▶ PROMPT: Beginning at the line containing "Внедорожник / Кроссовер Audi e-tron 2020 в", repeat each line below exactly up to and including the line containing "Progression de chalands". Do not repeat the pictures.

▶ DATA FOR THIS TASK:
= = = =

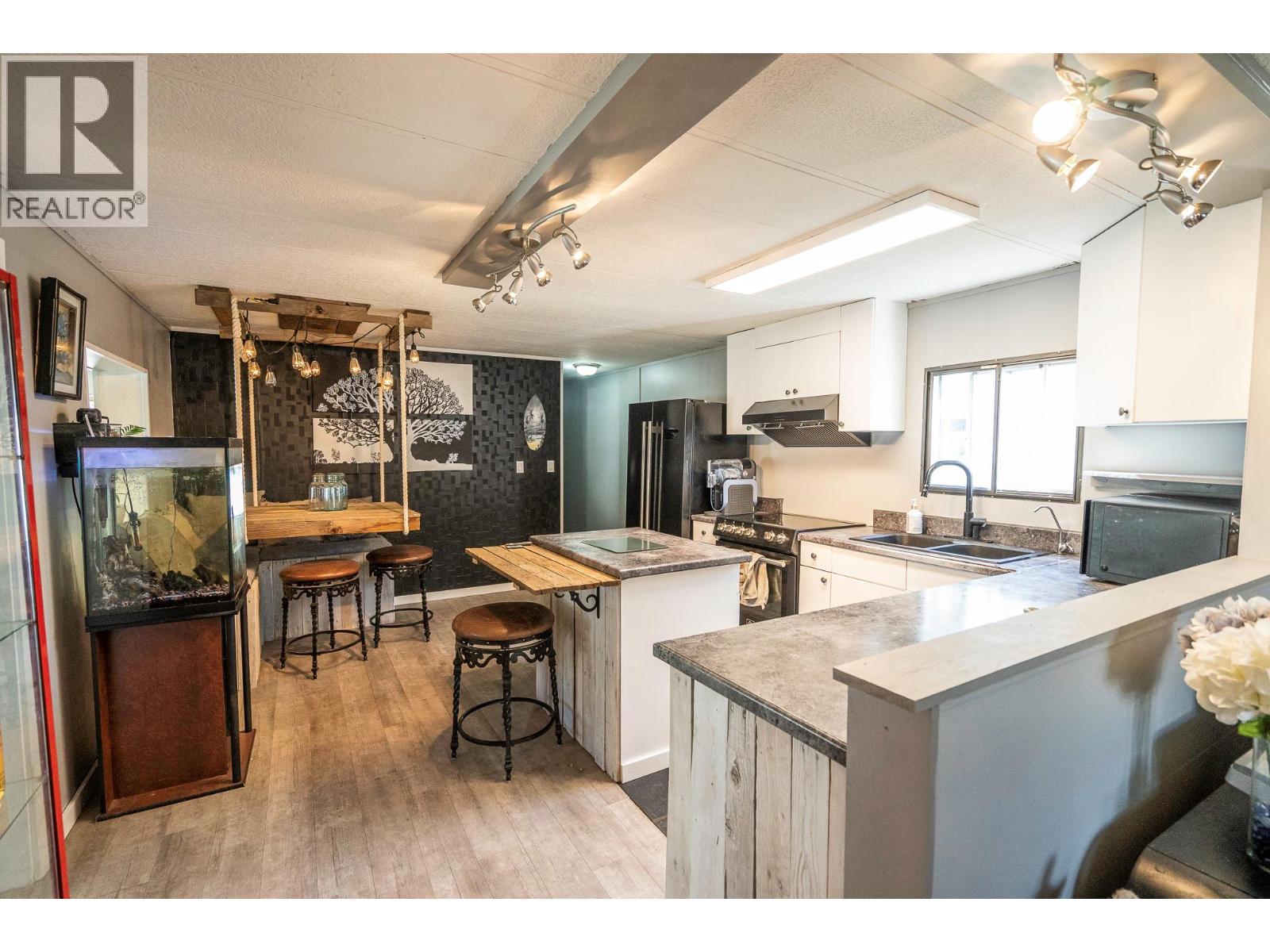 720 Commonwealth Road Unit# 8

= = = =

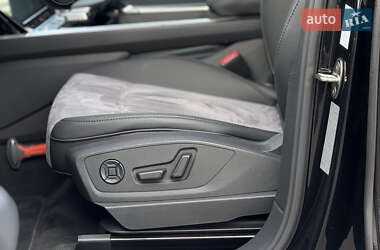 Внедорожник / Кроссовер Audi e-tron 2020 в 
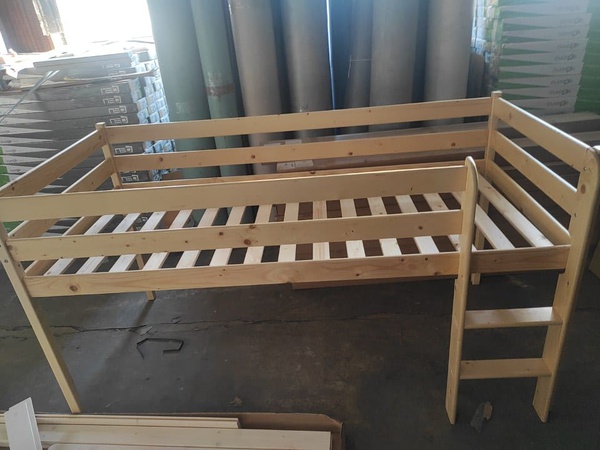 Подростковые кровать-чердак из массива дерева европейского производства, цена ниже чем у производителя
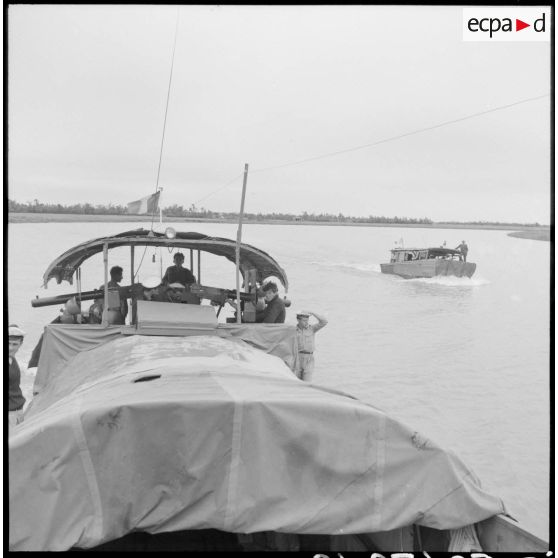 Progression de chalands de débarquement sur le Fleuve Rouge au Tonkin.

= = = =

▶ OUTPUT OF THE TASK:
 Внедорожник / Кроссовер Audi e-tron 2020 в 
 Подростковые кровать-чердак из массива дерева европейского производства, цена ниже чем у производителя
 Progression de chalands de débarquement sur le Fleuve Rouge au Tonkin.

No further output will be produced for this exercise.